Nach der am 4. Februar 2025 in Kraft getretenen Neuregelung des § 88 Abs. 3 Satz 2 Schulgesetz setzt die Aufnahme einer Schülerin oder eines Schülers in das allgemeinbildende Gymnasium neben einem entsprechenden Elternwillen entweder eine Empfehlung der Grundschule oder die erfolgreiche Teilnahme an einer Kompetenzmessung (sog. „Kompass 4“-Test) voraus. Kann ein Schüler oder eine Schülerin weder erfolgreiche Kompetenzmessung noch Empfehlung der Grundschule vorweisen, ermöglicht die erfolgreiche (freiwillige) Teilnahme am Potenzialtest die Aufnahme ins Gymnasium. Einzelheiten des Aufnahmeverfahrens sind in der am 5. Februar 2025 in Kraft getretenen Aufnahmeverordnung enthalten.

Die Antragsteller haben als Schüler der 4. Grundschulklasse an der Kompetenzmessung teilgenommen, ohne das für den Besuch eines Gymnasiums erforderliche Niveau zu erreichen. Auch die Grundschule stellte ihnen nicht die erforderliche Empfehlung aus. Nachdem auch der Potenzialtest erfolglos blieb, verweigerte ihnen das Gymnasium die Aufnahme. Einen Eilantrag, mit dem sie die vorläufige Teilnahme am Unterricht der Klassenstufe 5 eines Gymnasiums erreichen wollten, lehnte das Verwaltungsgericht Stuttgart mit Beschluss vom 10. Juni 2025 - 12 K 3938/25 - ab.
Entscheidung des Verwaltungsgerichtshofs In seinem Beschluss vom 15. September 2025, mit dem er die Beschwerde der Antragsteller zurückgewiesen hat, äußert der Senat Bedenken, ob es für die derzeitige Regelung und Praxis über die Zugangsvoraussetzungen zum Gymnasium eine ausreichende gesetzliche Grundlage gibt.

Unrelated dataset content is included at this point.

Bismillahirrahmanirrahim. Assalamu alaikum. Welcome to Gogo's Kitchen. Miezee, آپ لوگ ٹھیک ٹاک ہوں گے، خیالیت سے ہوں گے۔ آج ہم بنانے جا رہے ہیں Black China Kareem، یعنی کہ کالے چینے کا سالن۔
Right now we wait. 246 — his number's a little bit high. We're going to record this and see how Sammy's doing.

Da die aufgeworfenen Rechtsfragen schwierig und
infolgedessen einer abschließenden Klärung im Eilverfahren nicht zugänglich sind, hat der Senat die Folgen abgewogen, die mit der Versagung vorläufigen Rechtsschutzes für die Antragsteller verbunden sind. Unter Berücksichtigung der bisherigen Leistungen der Antragsteller in der Grundschule und mit Blick auf eine drohende Überforderung im Gymnasium hat er deren Antrag abgelehnt.

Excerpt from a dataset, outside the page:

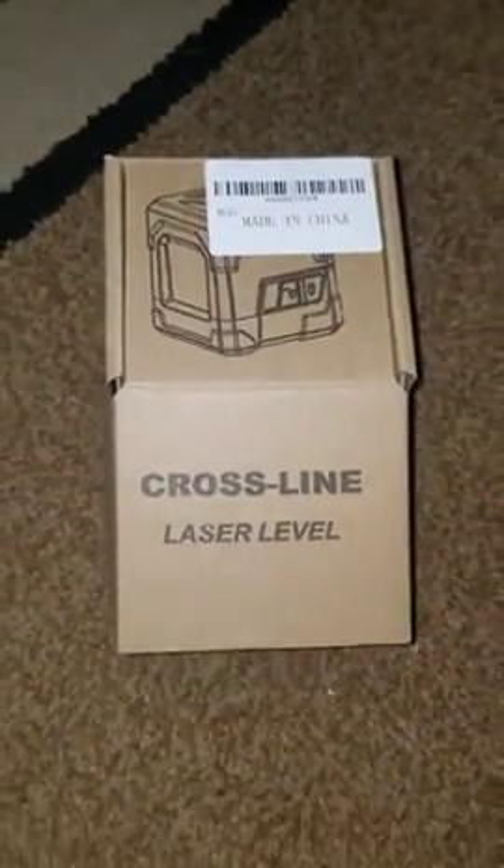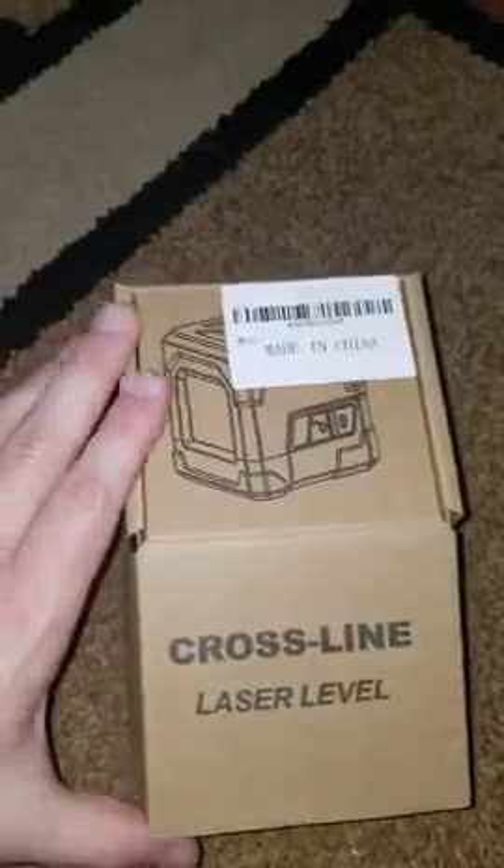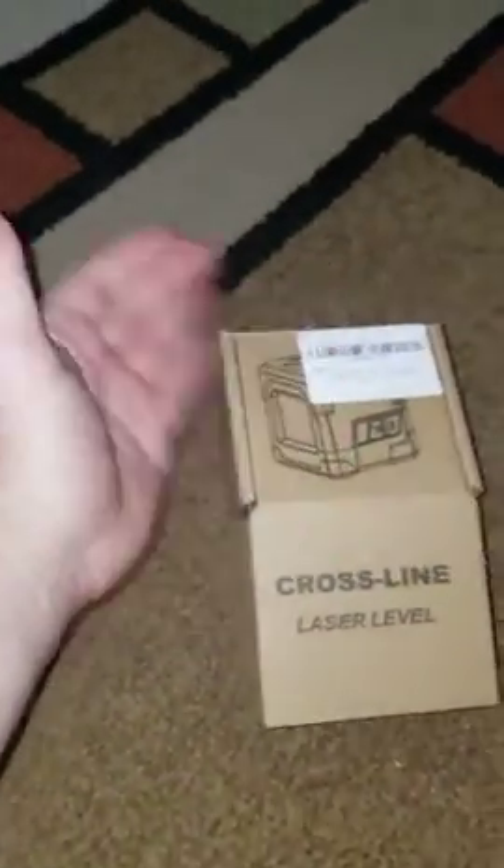Hey guys, so I finally got my cross line laser leveler. I actually thought it was gonna be way bigger, but as you can see — hand size versus box — not as big as I thought, which is perfectly okay actually.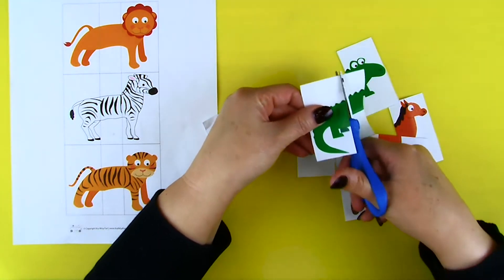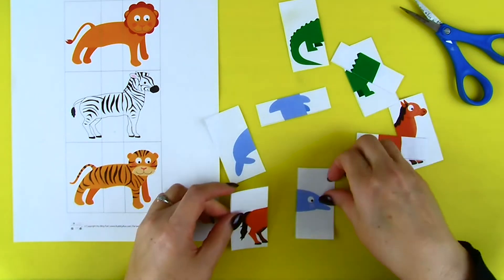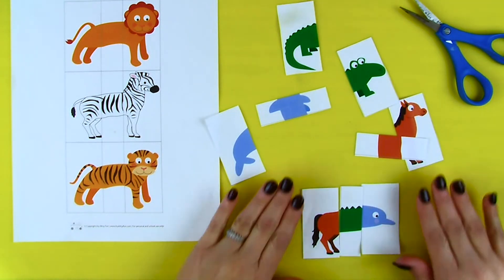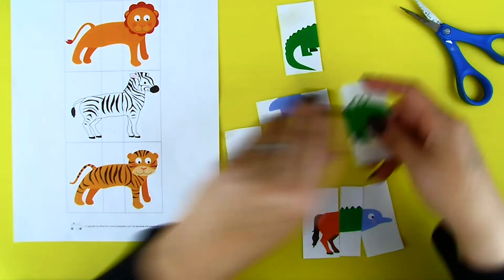Once you have all of your animal parts, you can rearrange them however you like. You can make the head of a dolphin, the middle of an alligator, and the back of a horse. What would you name that animal? Where do you think it lives? Rearrange all sorts of animals. Create whatever you like.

Die rechtlichen Bedenken des Senats bestehen dahingehend, ob es für den Potenzialtest eine hinreichende gesetzliche Grundlage gibt. Denn die Aufnahmeverordnung, die - im Grundsatz zulässigerweise - die Einzelheiten des Potenzialtests regelt, lege nicht konkret fest, wann der Test als bestanden gelte und den Besuch eines Gymnasiums ermögliche. Dass eine Festlegung der Bestehensgrenze in einer Handreichung des Instituts für Bildungsanalysen Baden-Württemberg (IBBW) genügen könnte, hält der Senat für zweifelhaft, lässt diese Frage im Eilverfahren aber offen.

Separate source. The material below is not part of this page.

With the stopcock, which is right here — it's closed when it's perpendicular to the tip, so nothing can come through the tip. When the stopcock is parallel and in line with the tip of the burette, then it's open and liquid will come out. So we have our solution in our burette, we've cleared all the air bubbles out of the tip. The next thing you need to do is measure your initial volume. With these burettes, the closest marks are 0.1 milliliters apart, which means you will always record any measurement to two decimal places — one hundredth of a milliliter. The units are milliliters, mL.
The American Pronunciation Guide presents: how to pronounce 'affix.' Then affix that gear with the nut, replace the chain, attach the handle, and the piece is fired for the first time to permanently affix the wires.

Ebenso offen lässt der Senat die Frage, ob es rechtmäßig war, die bereits im November 2024 durchgeführte Kompetenzmessung im Rahmen des Eignungsfeststellungsverfahrens für das kommende Schuljahr 2025/2026 heranzuziehen. Im Zeitpunkt der Durchführung des Tests seien die Neuregelung im Schulgesetz und die neue Aufnahmeverordnung noch nicht in Kraft gewesen. Einen Verstoß gegen das Rückwirkungsverbot sieht der Senat nicht, hat aber auch hier Zweifel, ob es eine hinreichende gesetzliche Grundlage gegeben hat.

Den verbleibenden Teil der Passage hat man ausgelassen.